Die Formtabelle der Spieltage 7 bis 12 zeigt: Eintracht Braunschweig ist die Mannschaft der Stunde!

Platz Team Spiele S/U/N Tore Punkte
1. Braunschweig 6 4/2/0 12:6 14
2. Darmstadt 6 4/2/0 11:6 14
3. Hamburg 6 4/1/1 9:7 13
4. Paderborn 6 4/0/2 12:4 12

Effektivität als Dosenöffner

Was den Braunschweigern trotz der mageren Punkteausbeute zu Beginn Mut machte, war sicherlich die Art und Weise, wie die Mannschaft auftrat. Denn obwohl man von Spieltag 1 bis 6 nur dreimal treffen konnte, waren genug Chancen für deutlich mehr Tore da. Betracht man die expected goals (erwartbare Tore anhand der Chancenqualität), so waren Chancen für knapp 10 Tore da. Ein unfassbarer Chancenwucher, an dem Trainer Schiele und seine Mannschaft offensichtlich arbeiten konnten.

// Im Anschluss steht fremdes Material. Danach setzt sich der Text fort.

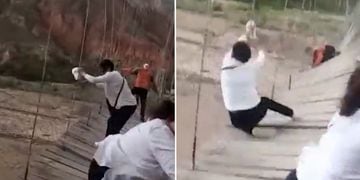 Video: Chilena cae de puente colgante en Bolivia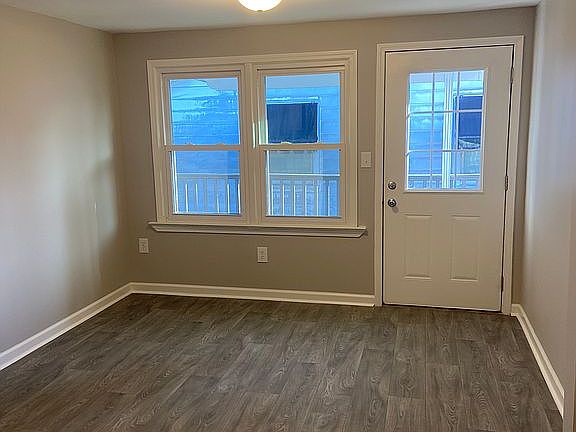 4th image of 813 E Court Ave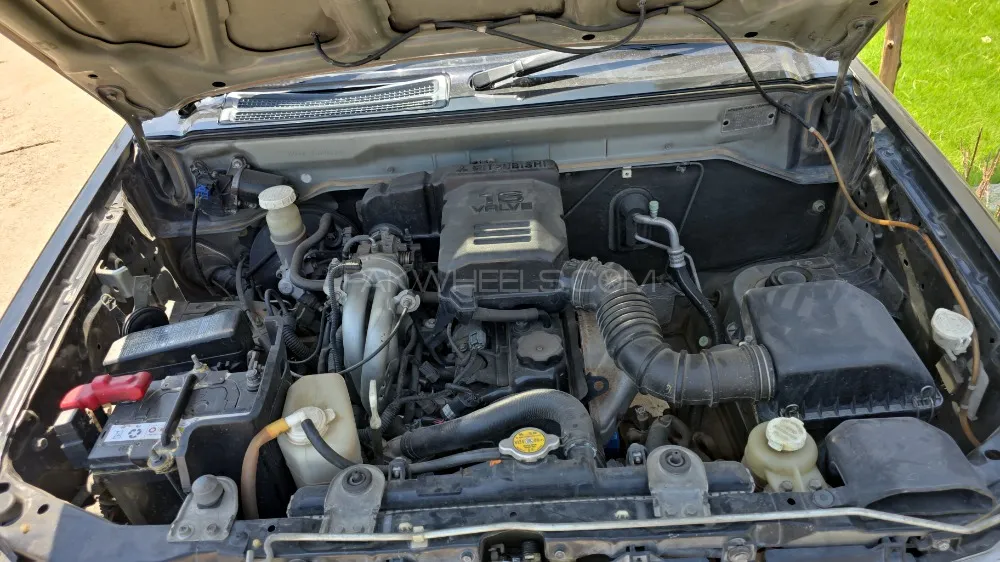 Mitsubishi Pajero Mini 2012 for Sale in Islamabad Image-1
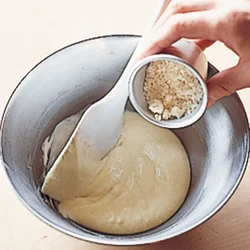 粉チーズを生地にも仕上げにも使うことで、風味をしっかり出す。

Gaben die expected goals in den zweiten sechs Spielen nur knapp sieben Tore her – und somit sogar drei weniger als zuvor – so konnte man mit 12 erzielten Toren fünfmal mehr als von der Statistik erwartet treffen.

Top-Scorer Immanuel Pherai

Entscheidenden Anteil an dieser enormen Steigerung der Abschlusseffizienz hat Spielmacher Immanuel Pherai. Bereits bei seiner Ankunft im Sommer konnte man die großen Anlagen des 21-jährigen Niederländers erahnen. Inzwischen machen sich diese auch regelmäßig im Spielberichtsbogen bemerkbar. Drei Tore und drei Vorlagen konnte Pherai zu den zuletzt erfolgreichen Wochen der Braunschweiger beitragen. Somit war Pherai in dieser Phase an jedem zweiten Tor der Eintracht direkt beteiligt – und das obwohl er in einem Spiel komplett fehlte und in einem weiteren nur von der Bank kam. Dabei ist seine Effizienz nochmals besonders hervorzuheben, denn die expected goals gaben mit einem Wert von 0,85 in der Theorie nicht einmal ein Tor her. Zahlen, die belegen, welche Qualitäten der Neuzugang von Borussia Dortmund mit sich bringt. 10 Scorerpunkte in 12 Pflichtspielen sprechen eine klare Sprache.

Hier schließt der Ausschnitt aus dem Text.